Durga Puja, like any other puja was also used to be held in community temples and also in temples belonging to mostly affluent families. However, irrespective of these types of organizers the involvement of the whole community had always been there. Being a mega religious festival in nature spanning over four days at a stretch with ingredients and rituals aplenty not every one in the community could organize it. Whenever a Durga Puja was held people from the locality use to throng in mostly with their entire family to take part in it.
But Baroari (community) Puja as such, that is one organized by a group of members of a community, usually of same locality, came up in the early 19th century. As found in the historical anecdotes, Durgotsav, the festival of worshipping Durga, was organized by some 12 Brahmins (the Hindu priest class) of Gooptipara in the district of Hooghly. The Puja expenditure worth Rs. 7,000 was financed entirely through subscription mobilized from the locality. The basic objective of organizing the puja was to shield the local people from natural calamity or epidemic. It was called Baro Yaari or Baroari as there were 12 heads behind it. This is how Baroari derived its name.

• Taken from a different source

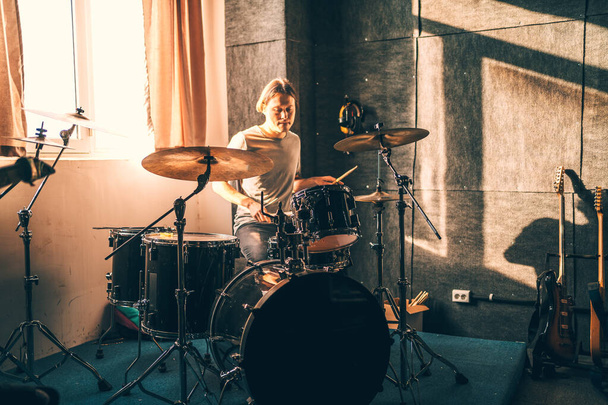 Ο ντράμερ παίζει ντραμς στο στούντιο μουσικής στην πρόβα της μπάντας. Μουσικός με όργανο στο όμορφο φως ηλιοβασίλεμα από το παράθυρο. - Φωτογραφία, εικόνα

Baroari took its root in old Calcutta with the Puja of the Hindu Dharma Pracharani Sabha (the council for promotion of Hindu religion) at Balaram Ghose Street. It was located by the bank of the old Ganga(now reduced to Tolly Nullah). It was the maiden Baroari Puja in Calcutta - a Puja that was truly of all, by all and for all.
With the pace of the changing time things changed. As the erstwhile big joint families got fragmented more and more in course time, the image of Durga underwent changes. The original single frame structure, called "ek-chala" that embraced Durga and his family of five siblings with their respective Bahanas(carriages) was gradually broken down to five ("panch chala"), each one attached behind each of them. Kumortully, the place in North Calcutta where the idols are created also took to multi-framed idols of the Family of home-bound (parents') Durga.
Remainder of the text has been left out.